Task statement:
Copy only what lies from the line containing "French Art Nouveau" through the line containing "A fan posed" in the entries below, keeping both end lines exact and dropping every picture.

Dataset excerpts:
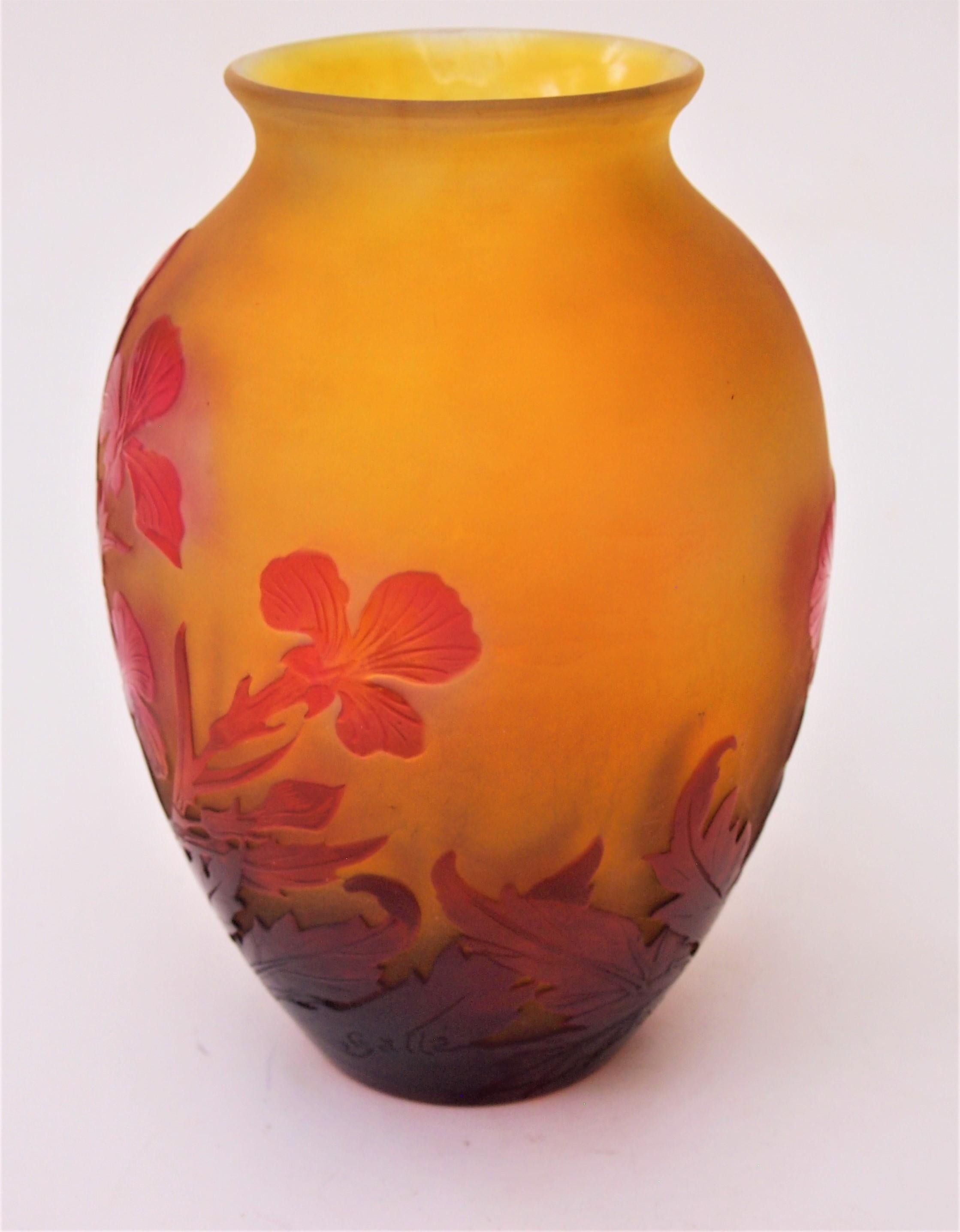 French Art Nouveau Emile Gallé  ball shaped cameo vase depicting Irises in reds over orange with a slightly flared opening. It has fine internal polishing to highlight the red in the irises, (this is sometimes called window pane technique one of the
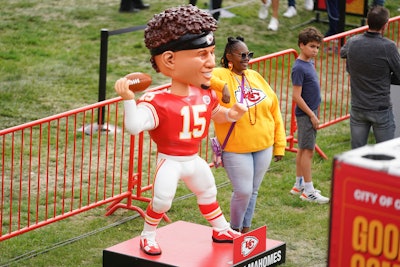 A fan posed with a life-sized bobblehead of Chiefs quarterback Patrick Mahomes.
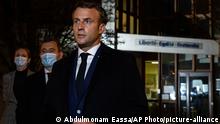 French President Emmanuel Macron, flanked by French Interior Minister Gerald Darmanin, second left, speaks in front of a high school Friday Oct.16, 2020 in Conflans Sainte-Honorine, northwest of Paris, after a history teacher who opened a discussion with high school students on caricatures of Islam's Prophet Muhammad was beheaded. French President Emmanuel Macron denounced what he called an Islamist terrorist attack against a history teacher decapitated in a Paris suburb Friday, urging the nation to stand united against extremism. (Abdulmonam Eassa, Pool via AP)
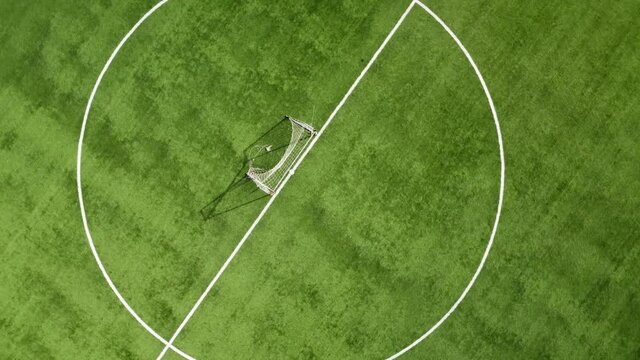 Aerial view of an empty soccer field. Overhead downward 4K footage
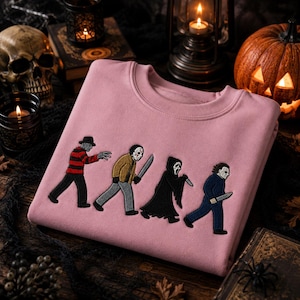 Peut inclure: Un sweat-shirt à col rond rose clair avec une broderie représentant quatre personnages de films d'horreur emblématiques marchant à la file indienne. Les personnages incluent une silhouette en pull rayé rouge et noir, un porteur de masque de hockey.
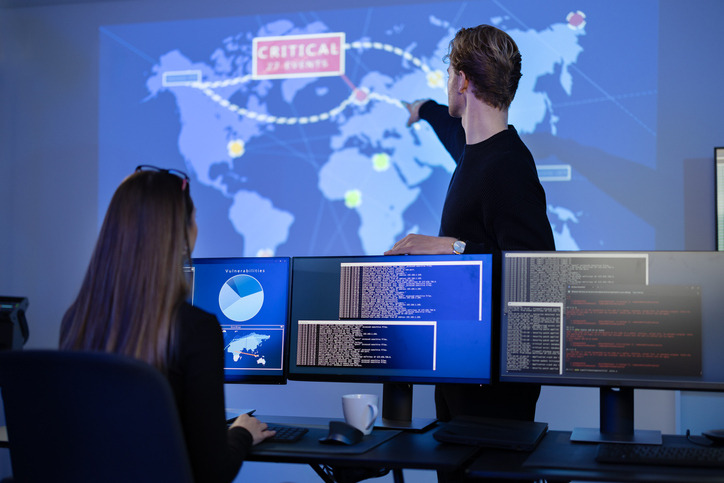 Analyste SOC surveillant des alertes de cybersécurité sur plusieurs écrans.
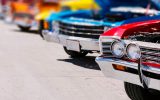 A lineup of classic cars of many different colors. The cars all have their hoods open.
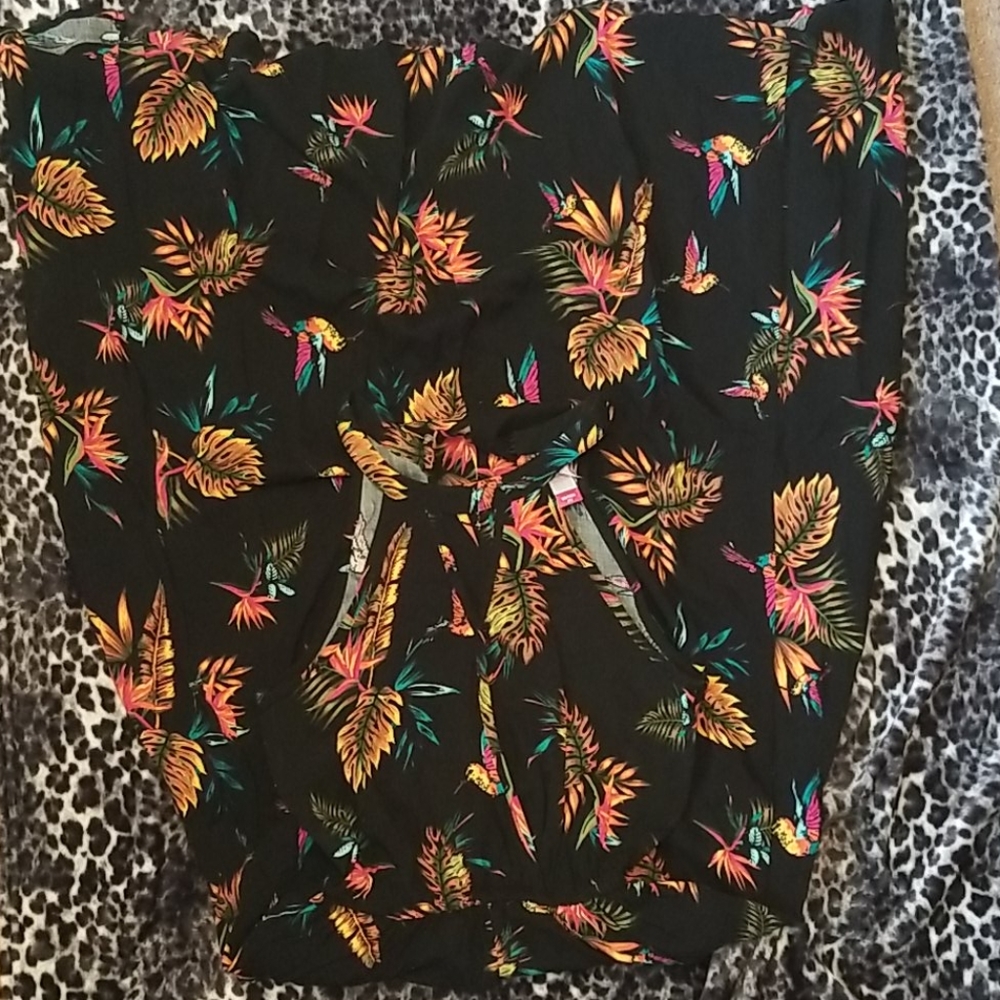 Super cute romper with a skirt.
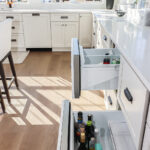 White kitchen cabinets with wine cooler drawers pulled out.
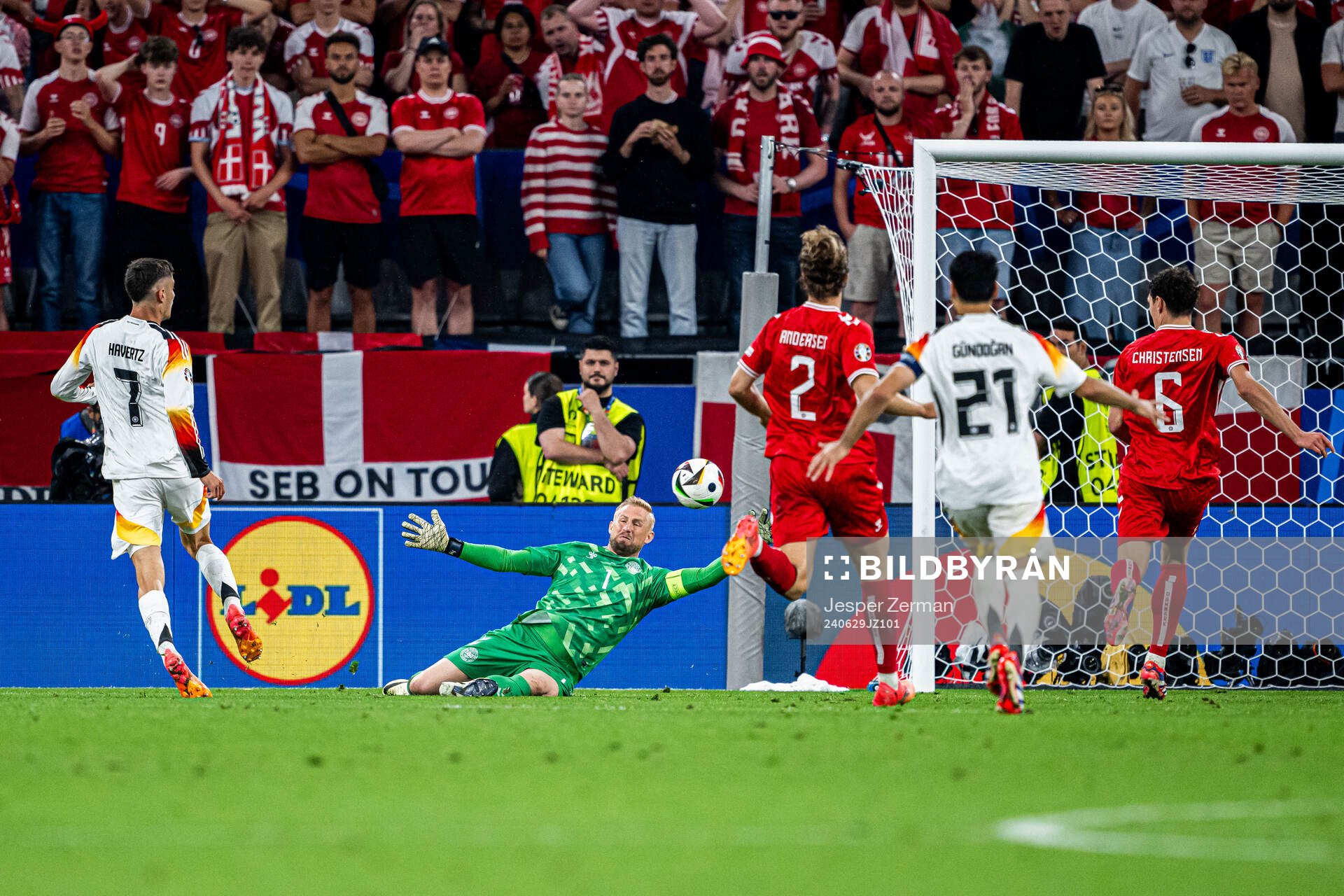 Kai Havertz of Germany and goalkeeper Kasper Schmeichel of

---

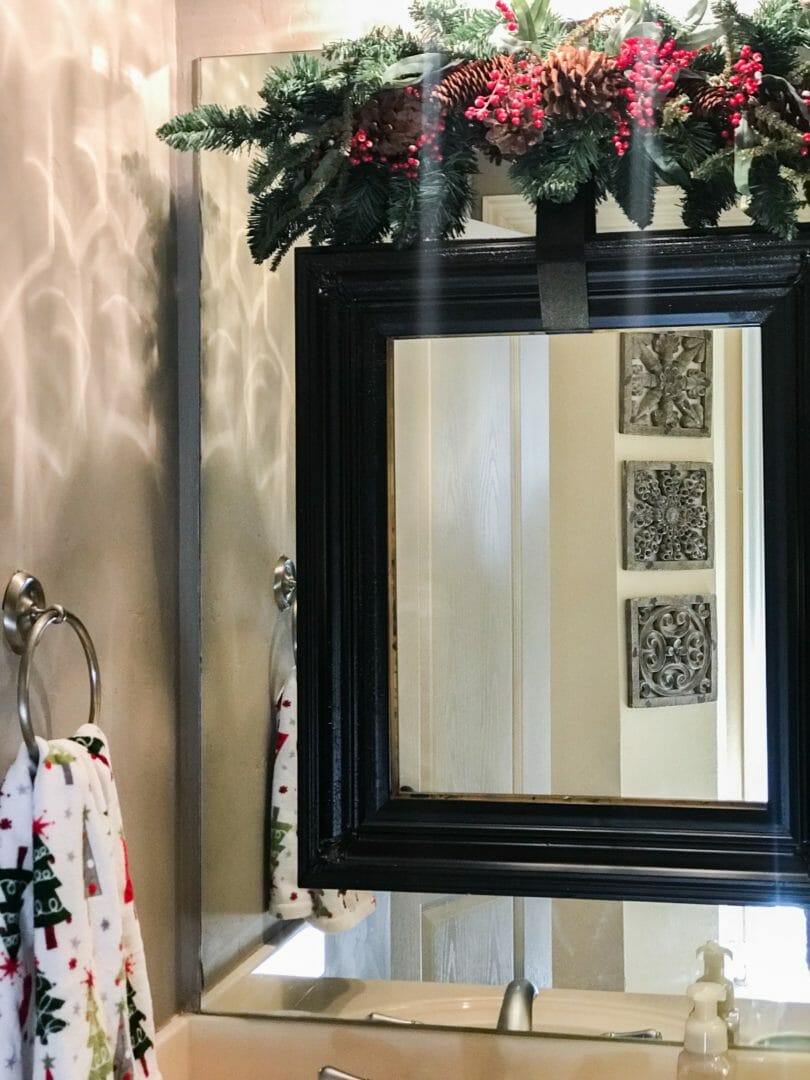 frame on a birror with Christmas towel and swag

Answer to this exercise:
 French Art Nouveau Emile Gallé  ball shaped cameo vase depicting Irises in reds over orange with a slightly flared opening. It has fine internal polishing to highlight the red in the irises, (this is sometimes called window pane technique one of the
 A fan posed with a life-sized bobblehead of Chiefs quarterback Patrick Mahomes.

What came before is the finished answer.